Seven members of the OPEC+ alliance agreed on Sunday to push oil production quotas higher once more, a fresh sign that Gulf producers are edging back toward normal operations after months of war-related disruption in the Middle East.
Energy ministers from Saudi Arabia, Russia, Iraq, Kuwait, Kazakhstan, Algeria, and Oman convened via video call. They agreed to increase combined output by 188,000 barrels per day, according to a statement issued by the organization. The adjustment is set to take effect in August.
The move marks another step in a slow, cautious climb back from what was, by any measure, a brutal stretch for Gulf exporters. When Iran moved to choke off traffic through the Strait of Hormuz during the recent Middle East war, it effectively froze oil exports from the region for months.
The numbers tell the story starkly: OPEC data show that combined production from Saudi Arabia, Iraq, and Kuwait, three of the seven nations now raising quotas, plunged by roughly six million barrels per day between the first quarter of 2026 and May.
The turning point came on June 17, when Iran and the United States signed a memorandum of understanding committing both sides to clearing obstacles to shipping through the Strait for as long as follow-up negotiations continue. It was a narrow, provisional arrangement but enough to set the recovery in motion.
Since then, maritime traffic through the chokepoint has crept back to life, and crude prices have tumbled back toward pre-war levels as markets price in a gradual return to normalcy. A U.S. official cited by Bloomberg suggested oil flows through the Strait may already be topping ten million barrels a day.
Yet analysts caution against reading too much into that figure.
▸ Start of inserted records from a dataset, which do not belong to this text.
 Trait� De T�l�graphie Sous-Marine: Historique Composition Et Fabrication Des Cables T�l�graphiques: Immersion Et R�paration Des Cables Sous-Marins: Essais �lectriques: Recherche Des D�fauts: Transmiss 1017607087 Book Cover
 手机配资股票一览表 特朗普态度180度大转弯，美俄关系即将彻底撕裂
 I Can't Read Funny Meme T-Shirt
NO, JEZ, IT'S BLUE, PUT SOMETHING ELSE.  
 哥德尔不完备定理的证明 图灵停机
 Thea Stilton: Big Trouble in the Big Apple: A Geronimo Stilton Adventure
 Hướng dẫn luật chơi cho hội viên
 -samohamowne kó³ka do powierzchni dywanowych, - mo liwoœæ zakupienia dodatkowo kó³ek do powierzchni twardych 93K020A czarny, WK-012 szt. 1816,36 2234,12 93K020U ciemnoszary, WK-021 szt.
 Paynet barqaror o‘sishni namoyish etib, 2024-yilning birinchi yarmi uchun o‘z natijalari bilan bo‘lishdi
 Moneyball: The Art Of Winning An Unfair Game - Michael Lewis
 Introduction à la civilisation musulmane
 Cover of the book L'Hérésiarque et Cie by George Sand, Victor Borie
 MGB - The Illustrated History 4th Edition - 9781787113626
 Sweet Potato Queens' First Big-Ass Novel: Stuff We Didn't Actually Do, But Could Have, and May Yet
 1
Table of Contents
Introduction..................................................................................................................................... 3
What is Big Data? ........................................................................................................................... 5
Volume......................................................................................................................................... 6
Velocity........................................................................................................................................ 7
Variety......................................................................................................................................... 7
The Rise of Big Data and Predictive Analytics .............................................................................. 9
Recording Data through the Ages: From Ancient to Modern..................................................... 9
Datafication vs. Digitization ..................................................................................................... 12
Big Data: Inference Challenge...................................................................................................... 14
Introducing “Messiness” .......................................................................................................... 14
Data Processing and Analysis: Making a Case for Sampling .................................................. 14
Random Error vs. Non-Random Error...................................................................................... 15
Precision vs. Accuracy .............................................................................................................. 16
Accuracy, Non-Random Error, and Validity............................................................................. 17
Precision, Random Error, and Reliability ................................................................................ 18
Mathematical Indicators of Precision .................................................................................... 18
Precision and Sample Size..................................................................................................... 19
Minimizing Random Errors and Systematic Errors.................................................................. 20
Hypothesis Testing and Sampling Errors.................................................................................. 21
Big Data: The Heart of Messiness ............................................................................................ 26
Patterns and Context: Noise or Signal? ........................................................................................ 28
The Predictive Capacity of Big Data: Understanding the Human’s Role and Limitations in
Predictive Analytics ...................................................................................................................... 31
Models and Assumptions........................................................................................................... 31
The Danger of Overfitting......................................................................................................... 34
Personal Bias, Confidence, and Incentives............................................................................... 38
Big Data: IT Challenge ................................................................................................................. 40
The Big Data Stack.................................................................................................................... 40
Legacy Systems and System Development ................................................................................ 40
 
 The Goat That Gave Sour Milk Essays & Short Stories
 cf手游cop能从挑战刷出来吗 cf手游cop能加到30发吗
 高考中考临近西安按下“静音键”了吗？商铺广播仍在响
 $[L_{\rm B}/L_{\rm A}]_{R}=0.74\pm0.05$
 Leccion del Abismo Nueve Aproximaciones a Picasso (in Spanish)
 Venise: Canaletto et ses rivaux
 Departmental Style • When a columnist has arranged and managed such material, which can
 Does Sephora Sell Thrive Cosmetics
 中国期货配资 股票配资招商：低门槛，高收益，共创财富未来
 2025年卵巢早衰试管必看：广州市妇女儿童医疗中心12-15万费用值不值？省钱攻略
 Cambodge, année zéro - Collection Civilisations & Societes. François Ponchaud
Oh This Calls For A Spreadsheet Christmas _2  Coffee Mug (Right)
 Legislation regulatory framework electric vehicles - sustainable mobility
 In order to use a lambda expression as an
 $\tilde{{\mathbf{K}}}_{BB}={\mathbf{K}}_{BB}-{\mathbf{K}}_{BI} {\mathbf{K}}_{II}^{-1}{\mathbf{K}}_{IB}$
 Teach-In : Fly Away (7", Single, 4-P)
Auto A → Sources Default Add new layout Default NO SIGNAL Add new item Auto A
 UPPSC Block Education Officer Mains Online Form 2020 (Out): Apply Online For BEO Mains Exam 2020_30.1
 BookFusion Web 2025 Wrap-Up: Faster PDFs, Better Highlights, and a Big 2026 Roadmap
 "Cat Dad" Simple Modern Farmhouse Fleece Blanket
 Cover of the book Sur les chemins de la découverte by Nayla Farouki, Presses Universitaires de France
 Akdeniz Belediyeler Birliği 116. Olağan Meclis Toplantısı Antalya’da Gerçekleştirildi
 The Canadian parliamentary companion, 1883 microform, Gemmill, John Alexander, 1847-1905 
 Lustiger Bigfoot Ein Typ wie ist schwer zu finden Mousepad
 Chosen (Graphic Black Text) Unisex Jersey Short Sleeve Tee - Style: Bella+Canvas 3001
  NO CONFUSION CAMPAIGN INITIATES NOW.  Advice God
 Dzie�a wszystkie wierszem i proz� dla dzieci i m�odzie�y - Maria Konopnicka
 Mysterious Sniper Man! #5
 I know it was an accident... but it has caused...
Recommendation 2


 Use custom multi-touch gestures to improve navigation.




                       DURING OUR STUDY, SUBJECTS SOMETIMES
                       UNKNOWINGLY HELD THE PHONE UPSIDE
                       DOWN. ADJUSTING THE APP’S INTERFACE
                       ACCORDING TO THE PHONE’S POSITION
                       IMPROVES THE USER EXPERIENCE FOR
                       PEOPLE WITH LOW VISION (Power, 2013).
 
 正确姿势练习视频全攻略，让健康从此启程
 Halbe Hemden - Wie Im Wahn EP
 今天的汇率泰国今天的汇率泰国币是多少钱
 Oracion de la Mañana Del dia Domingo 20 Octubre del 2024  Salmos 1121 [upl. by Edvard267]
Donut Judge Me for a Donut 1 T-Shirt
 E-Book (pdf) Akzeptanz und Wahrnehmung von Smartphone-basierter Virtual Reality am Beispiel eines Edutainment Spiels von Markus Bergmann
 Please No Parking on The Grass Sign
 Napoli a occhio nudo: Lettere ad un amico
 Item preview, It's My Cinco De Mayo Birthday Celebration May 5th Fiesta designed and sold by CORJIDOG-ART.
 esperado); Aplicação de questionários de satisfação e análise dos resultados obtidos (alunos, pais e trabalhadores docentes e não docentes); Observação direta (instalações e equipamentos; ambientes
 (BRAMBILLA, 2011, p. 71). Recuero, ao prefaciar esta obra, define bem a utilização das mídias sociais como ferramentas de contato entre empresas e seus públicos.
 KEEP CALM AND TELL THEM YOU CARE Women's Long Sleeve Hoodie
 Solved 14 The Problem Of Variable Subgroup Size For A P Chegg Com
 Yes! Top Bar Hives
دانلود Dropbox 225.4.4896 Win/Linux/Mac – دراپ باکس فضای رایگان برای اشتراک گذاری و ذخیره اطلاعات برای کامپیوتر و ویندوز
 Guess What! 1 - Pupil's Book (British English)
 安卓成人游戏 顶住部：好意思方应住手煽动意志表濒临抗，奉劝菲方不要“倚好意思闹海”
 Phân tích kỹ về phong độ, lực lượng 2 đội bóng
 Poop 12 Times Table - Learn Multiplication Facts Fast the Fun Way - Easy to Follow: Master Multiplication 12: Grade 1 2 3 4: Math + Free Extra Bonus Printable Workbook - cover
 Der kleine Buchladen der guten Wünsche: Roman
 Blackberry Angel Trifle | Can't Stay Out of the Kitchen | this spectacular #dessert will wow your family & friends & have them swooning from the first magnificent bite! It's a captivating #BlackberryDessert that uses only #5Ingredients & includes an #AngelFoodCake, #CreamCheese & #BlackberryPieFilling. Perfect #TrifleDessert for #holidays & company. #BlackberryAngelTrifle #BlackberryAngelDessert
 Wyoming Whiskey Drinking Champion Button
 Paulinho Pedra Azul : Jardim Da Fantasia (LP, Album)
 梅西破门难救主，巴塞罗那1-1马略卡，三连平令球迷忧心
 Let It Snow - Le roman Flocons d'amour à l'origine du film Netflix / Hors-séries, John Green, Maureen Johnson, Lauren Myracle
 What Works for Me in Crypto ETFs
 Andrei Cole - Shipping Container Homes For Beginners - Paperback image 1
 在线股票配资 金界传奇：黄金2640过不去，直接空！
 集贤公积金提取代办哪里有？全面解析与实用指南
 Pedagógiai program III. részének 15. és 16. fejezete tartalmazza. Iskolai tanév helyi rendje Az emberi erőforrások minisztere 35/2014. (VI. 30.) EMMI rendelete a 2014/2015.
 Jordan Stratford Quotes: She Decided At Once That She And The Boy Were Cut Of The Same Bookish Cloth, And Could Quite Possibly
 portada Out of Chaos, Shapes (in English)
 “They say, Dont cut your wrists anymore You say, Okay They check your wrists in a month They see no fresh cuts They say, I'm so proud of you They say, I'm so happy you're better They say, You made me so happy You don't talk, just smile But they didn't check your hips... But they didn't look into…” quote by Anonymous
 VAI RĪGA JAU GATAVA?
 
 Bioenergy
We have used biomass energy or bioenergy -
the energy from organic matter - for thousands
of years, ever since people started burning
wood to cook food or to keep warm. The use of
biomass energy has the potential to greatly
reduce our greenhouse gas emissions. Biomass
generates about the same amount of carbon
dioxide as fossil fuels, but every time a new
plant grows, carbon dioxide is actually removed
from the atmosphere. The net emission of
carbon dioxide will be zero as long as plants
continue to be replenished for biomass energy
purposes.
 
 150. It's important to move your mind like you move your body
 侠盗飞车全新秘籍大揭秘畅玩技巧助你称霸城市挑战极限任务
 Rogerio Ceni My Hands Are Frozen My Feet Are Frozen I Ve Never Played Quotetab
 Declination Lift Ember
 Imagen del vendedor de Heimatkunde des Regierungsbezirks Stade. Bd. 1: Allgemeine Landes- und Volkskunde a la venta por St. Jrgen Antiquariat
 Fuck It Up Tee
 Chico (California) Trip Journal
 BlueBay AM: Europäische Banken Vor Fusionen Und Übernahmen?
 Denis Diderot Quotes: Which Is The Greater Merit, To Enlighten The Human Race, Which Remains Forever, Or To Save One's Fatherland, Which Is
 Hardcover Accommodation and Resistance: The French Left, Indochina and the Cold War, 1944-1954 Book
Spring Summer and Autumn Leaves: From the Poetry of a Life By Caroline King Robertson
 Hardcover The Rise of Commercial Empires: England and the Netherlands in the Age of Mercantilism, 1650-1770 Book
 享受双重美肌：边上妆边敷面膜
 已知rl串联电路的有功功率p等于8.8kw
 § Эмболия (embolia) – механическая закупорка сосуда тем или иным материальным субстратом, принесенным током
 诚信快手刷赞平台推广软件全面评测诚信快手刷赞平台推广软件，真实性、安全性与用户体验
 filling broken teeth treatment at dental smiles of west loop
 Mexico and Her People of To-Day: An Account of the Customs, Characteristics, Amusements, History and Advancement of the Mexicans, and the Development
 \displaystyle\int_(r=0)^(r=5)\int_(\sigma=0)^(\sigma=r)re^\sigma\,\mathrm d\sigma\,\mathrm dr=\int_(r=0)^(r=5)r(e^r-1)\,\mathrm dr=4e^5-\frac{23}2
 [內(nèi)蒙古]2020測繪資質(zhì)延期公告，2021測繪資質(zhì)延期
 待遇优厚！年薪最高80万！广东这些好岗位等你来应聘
Ole Hansen of Saxo Bank noted that much of the oil now transiting the Strait had simply been sitting idle in tankers or storage tanks rather than reflecting a genuine rebound in output: “shut-in production takes time to restart,” as he put it. UBS commodity analyst Giovanni Staunovo offered a similar assessment, saying actual production likely still lags behind OPEC+’s official targets.
Hansen’s outlook is that the recovery will unfold in stages: July should bring visible improvement, with the real acceleration probably arriving in August as shuttered wells and export infrastructure come back online.
Even as the immediate crisis eases, longer-term challenges are piling up for the cartel. Jorge Leon of Rystad Energy told reporters that the consensus view for next year is a market surplus, a scenario that could put sustained downward pressure on prices just as members are eager to pump more.
That tension is already surfacing. Iraq, whose exports were hit hard during the conflict, has formally asked OPEC+ to raise its production quota to compensate for the barrels it lost, according to the country’s Oil Ministry.
For now, restocking the inventories that nations drew down during the war should help cushion the market from any near-term glut. But the underlying arithmetic of recovering supply meeting a softening demand outlook points toward friction ahead.
Hansen played down the urgency of Iraq’s request, arguing that current production remains well below pre-conflict levels, meaning a formal quota increase “is not imminent.” He suggested Baghdad’s case is more likely to be folded into the alliance’s broader 2027 capacity review, when member states’ production baselines will be re-examined.
That review, due at year’s end, is shaping up as a potential flashpoint. OPEC+ enters the process already diminished; the United Arab Emirates exited the group in May and now faces the delicate task of reconciling members’ demands for bigger quotas with a market that may simply have too much oil in it.
How the alliance navigates that balancing act could determine whether its post-war unity holds or frays further.
WHAT YOU SHOULD KNOW
OPEC+’s latest 188,000 barrel-per-day increase is less a sign of full recovery than a cautious first step: Gulf producers are still climbing back from a war-driven shutdown of the Strait of Hormuz, and actual output remains below both pre-war levels and official targets.
The real story to watch isn’t this modest August adjustment; it’s the collision course ahead as recovering supply meets an anticipated 2027 surplus, Iraq pushes for a bigger quota to recoup wartime losses, and a UAE-diminished alliance heads into a contentious year-end capacity review that will test whether OPEC+ can hold together.